I'm working on my mental health at the moment. I think it would be a good idea to go on meds since I'm constantly crying. It's difficult to go throughout the day without tears.

On a positive note, I found a job. It doesn't pay as much as I used to make, but that's ok.

I'm just really confused as to why men generally aren't attracted to me. It's so difficult for them to see me.

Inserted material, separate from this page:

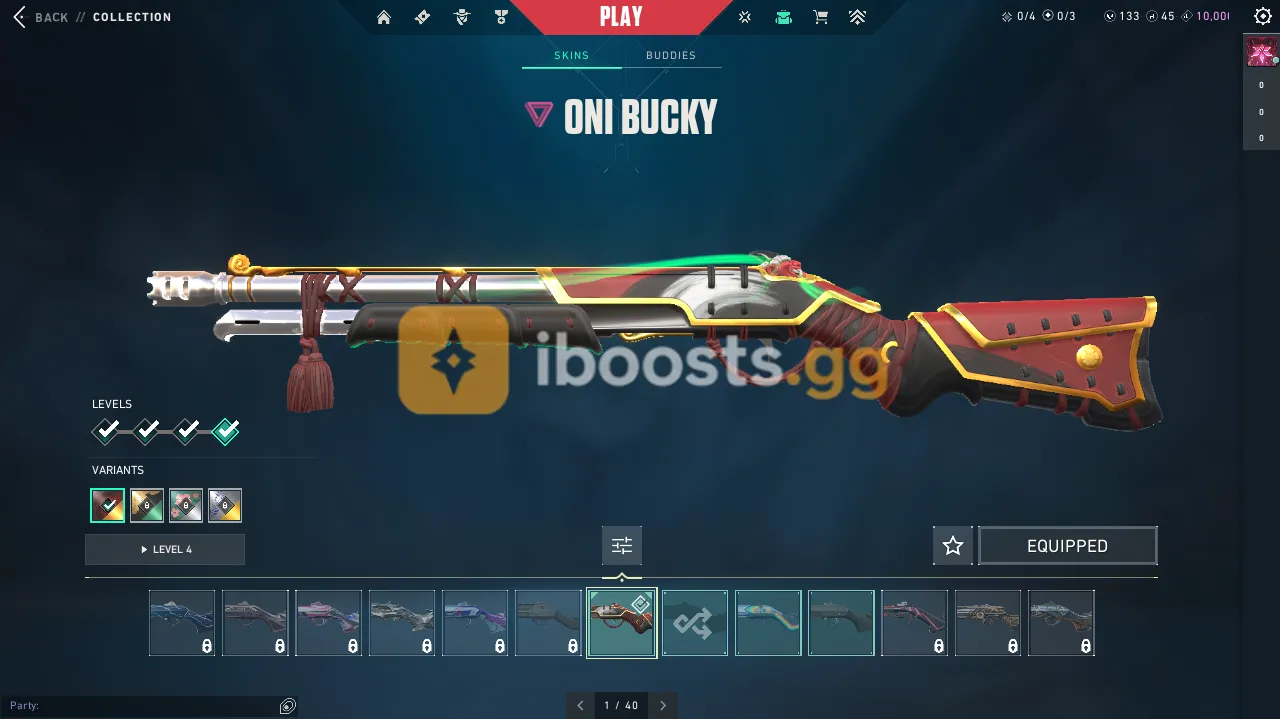 Thumbnail 16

I've tried to analyze dating from a strategic point of view, in terms of what hobbies men like, where they hang out, and what they look for in terms of physicality, and tried to adapt to those things (or as best as i can as a black woman). it just... didn't happen. idk why or for what reason. it wasn't for lack of trying. i can't even get a date, much less a boyfriend. i don't even have the experience of being in a relationship. how am i ever going to get married? every attempt that I've made at dating has ended up disastrous. i've even tried to be flexible in terms of attractiveness and earning potential.

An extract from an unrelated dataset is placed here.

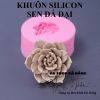 khuon-silicon-hoa-sen-da-dai-10cm - ảnh nhỏ 2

i really wasn't happy with the last guy i dated at all, but he made at least some type of effort to court me. i felt like he could really do more for himself in terms of a career and i didn't really feel like we were compatible, but i was willing to make concessions. he still ended up treating me poorly. like even these guys don't want me? i tried so hard. i'm so lost and i can't figure it out.

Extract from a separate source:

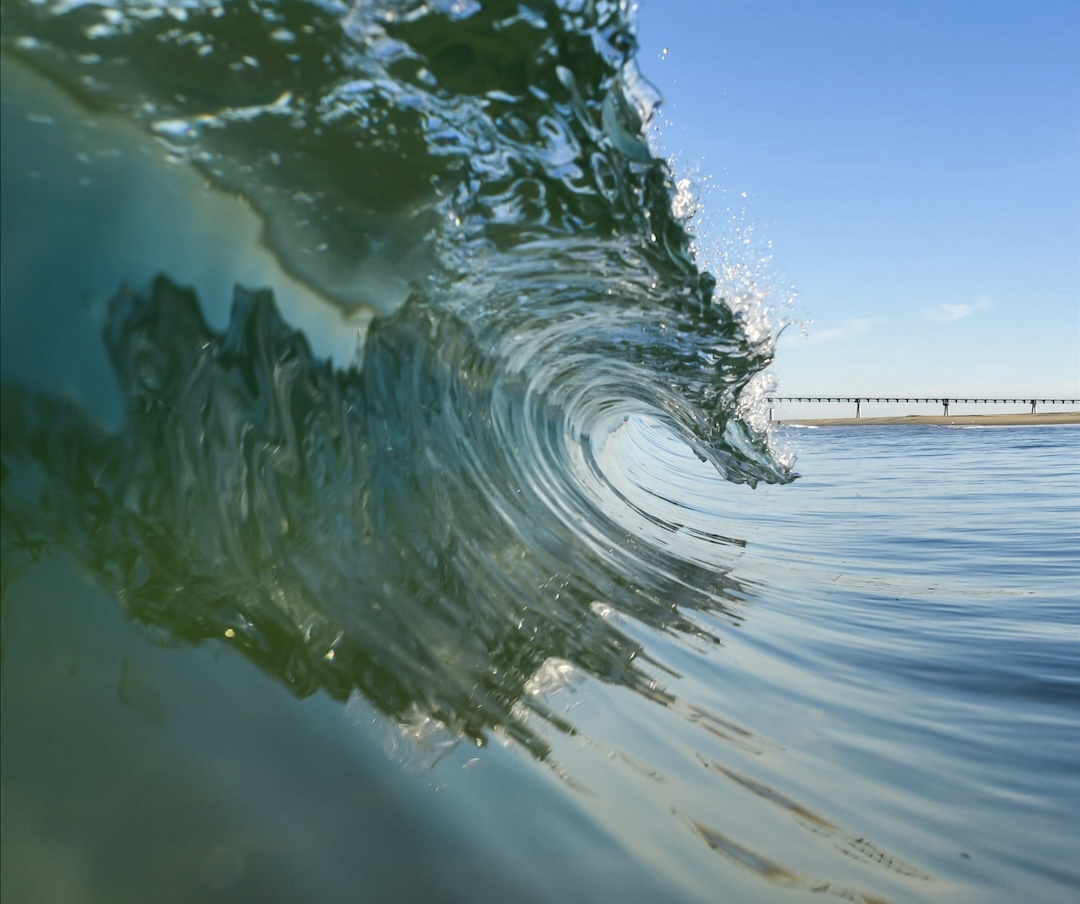 FEDERATION FRANCAISE SURF ARCACHON BUCH PYLA GIRONDE AQUITAINE COURS DE SURF STAGE DE SURF INFO SURF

all of my childbearing years have left me. i feel like a big screw-up. i'll probably end up freezing my eggs in the next year once i get back on track financially.
So you were willing to lower your standards maybe make a baby with a man/get married just to scratch this off the goals? Count your blessings that nothing has come forth.
Meds for depression can be helpful if you are doing the inner work to make sure you’re not putting tape on a crater.
 
I was discussing this with 2 of my girlfriends a couple of weeks ago. I experienced this type of weirdo behavior once years ago..

Sad... but women have to "LET GO OR GET DRAGGED" when the signs are there. That's been my favorite dating advice to all my girlies..

The comments are spot on.

 
I think Im finally in a place where I am ok with being single. It was rough for a while, but I'm starting to enjoy life.

Anywho, I had a date this past Saturday. Don't get too excited, lol.

He was a nice looking older man. 15 years my senior, to be exact. We really vibed online and over the phone. So, for the first time in a while, I was looking forward to meeting him. Even though we had a nice date (we went to Chelsea Market in NYC) I realized that our values were much different than each other's.

The biggest issue is that he was "open to marriage" and "kind of seeing" where things would go. Whilie I, OTOH, know exactly what I want. The may not seem terrible, but IME, if a guy is just seeing where things go, then he's not serious about me, or dating, really. Been there, done that, so no thank you.

I tried to help him redeem himself by asking what his ideal relationship looks like. He told me in so many words that he doesn't know :nono:

Bruh, so why are we here??

Y'all, I haven't met a dud in sooooo long that I truly couldn't believe it. I thought that maybe there was more to him / it, but nah. Ah well.